Monday, July 11, 2011

The Ebert Presents At The Movies slams 3D.

http://www.ebertpresents.com/episodes/2011-07
Episode 125, July 8, 2011
It just keeps playing over and over this week. It on one of the few channels I get over the air.  The whole show slams 3D.

I couldn't disagree more with most of their arguments.

Sure some movies use 3D as a gimmick, but with today's digital technology and Moore's law with performance doubling every 18 months.  The price of adding 3D is very small and dropping fast.

Seeing 3D games on the Nintendo 3DS really is mind blowing, the kids love it. It's glasses free and you have to hold it just right to get the full effect, but they adapted quickly and love it.
Now a few more years of this and these kids will not be happy watching 2D content.

3D games and 3D TV are comming to the home, and 3D computer displays are available.  True it's pricy, but I have been following 3D now for 30 years.
From the super expensive Silicon Graphics with Silicon Image 3D display solution.
It's different this time.  There is more they can do, with low cost HD 3D graphics rendering video cards from N-Vidia and there shutter glasses.
3D camera and camcorders, there is finally an ecosystem, and enough devices to reach a critical mass.

So as all these technologies hit, it will eventually make it so watching a 2D movie will be like watching a black and white, or silent movie. Ok maybe not that bad.
But there was a time when color was a novelty and not considered neccessary.
Even Talkies where viewed that way when they first came out.

I remember reading how they had photograph records and the projectionist had to try to keep the projector running at the same speed as the record.  A/V sync, back then was not even a concept.

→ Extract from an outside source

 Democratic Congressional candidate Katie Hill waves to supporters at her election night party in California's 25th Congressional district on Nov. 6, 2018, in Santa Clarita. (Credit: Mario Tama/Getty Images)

So now it's 3D, 3D camera and imaging can add a whole new dimention to image analysis because we can extract a 3D depth map, and do the beginning of virtual view point video (free view point video), that will in 20 year be the Big hot technology.

But AR is happening fast, and 3D just plays in to that.

There is also a big push for 2D to 3D conversion also, but this is also in it's infancy and may never work better then colorization of black and white films.  It's hard to add data that doesn't exist. At best artists can try to infer what it should have been and I doubt if that will ever look anywhere's as good a properly shot 3D content.